Co-Directed by Phyllis Leffler & Julian Bond

Career: Law

BOND: It sounds like your own life. You teach, you're in the classroom. You're instructing students at the same time. You're representing clients really all over the country.

OGLETREE: That's exactly right, representing the survivors of the 1921 Tulsa race riots and the reparations lawsuit from that devastating episode. I was Anita Hill's lawyer when she testified against Clarence Thomas and in the confirmation hearings in 1991. I represented the Rev. Jesse Jackson and Rev. Al Sharpton and Cornel West, Mike Espy when he was prosecuted here, Frank Carter, who many people don't know -- my first boss, was the public defender as Monica Lewinsky's first lawyer. I represented him when Kenneth Starr came after the lawyer to get his notes of interviewing with the client, which I thought was highly objectionable. And so there's case after case after case where my sense is that, it's not enough to just know the theory, and the concept of law. It's important to have your involvement in everyday aspects of the application of the law, and that's been very important. I represented the NAACP back in 1991 before Anita Hill, when Wade Henderson asked me to help write the report, a dispassionate and objective report on Clarence Thomas.

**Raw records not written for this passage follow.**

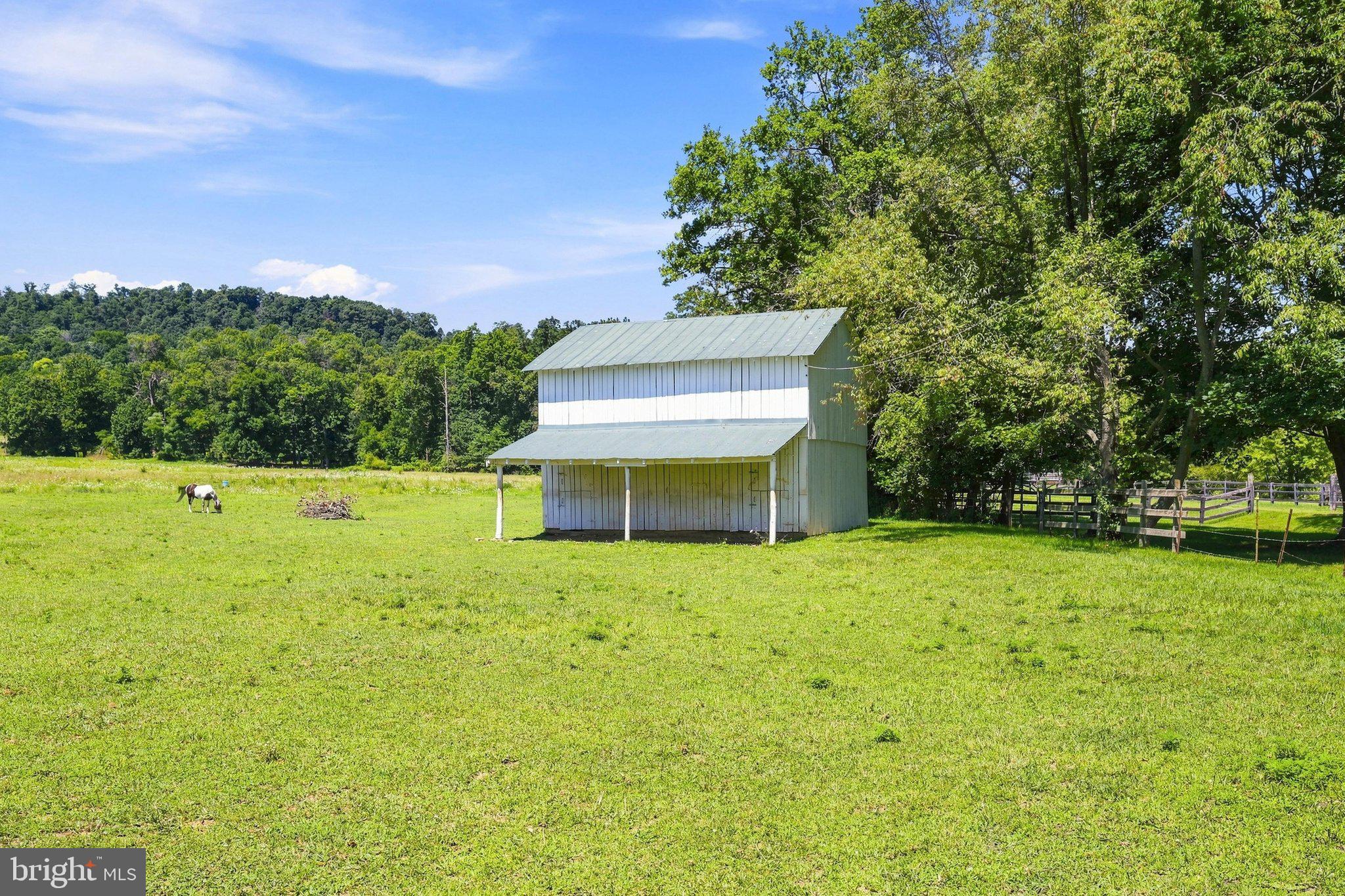 394 OLD BALTIMORE ROAD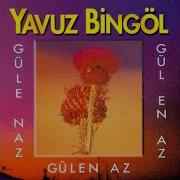 Allı Gelin
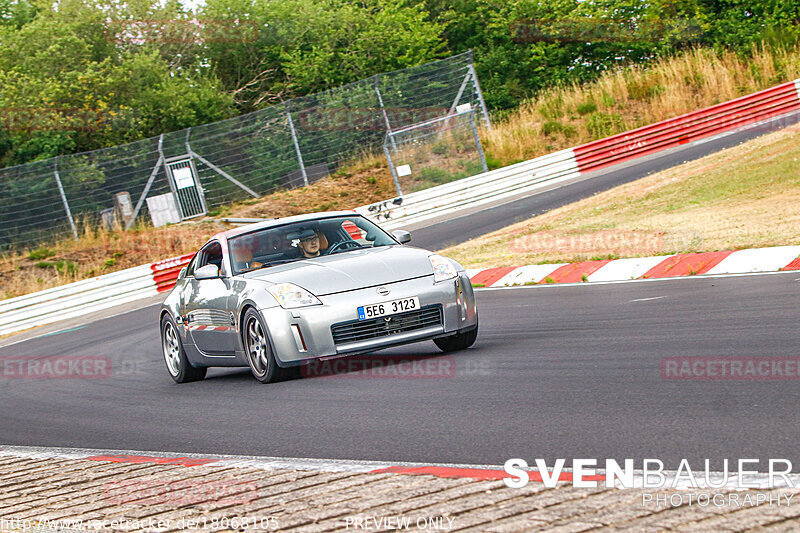 Bild #18068105 - Touristenfahrten Nürburgring Nordschleife (28.07.2022)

BOND: Exactly. And that helped shift some sentiment within the NAACP, which had been attracted to Thomas' blackness --

OGLETREE: That's exactly right.

BOND: -- as a quality --

OGLETREE: Exactly right.

BOND: -- and didn't know much or ignored his actual record.

OGLETREE: Right. I read his few opinions. I read his speeches, and law review articles he had written. And it was clear to me that even at that young age before he was a member of the court and even only had been on the D.C. Circuit Court for one year, he already had some dangerous ideas about originalism, about natural law and other ideological perspectives that I thought, as a scholar, were dangerous. And it was up to the NAACP to decide what it wanted to do, but they should at least know his record. John Hope Franklin also wrote a piece for that as well. But the whole goal was "I can't sit back at the academy and have these ideas and not try to service organizations like the NAACP to give them my view of what the record is so that they could make a decision about someone like Justice Thomas."

BOND: Well, believe me, it was much appreciated.

OGLETREE: Well, thank you.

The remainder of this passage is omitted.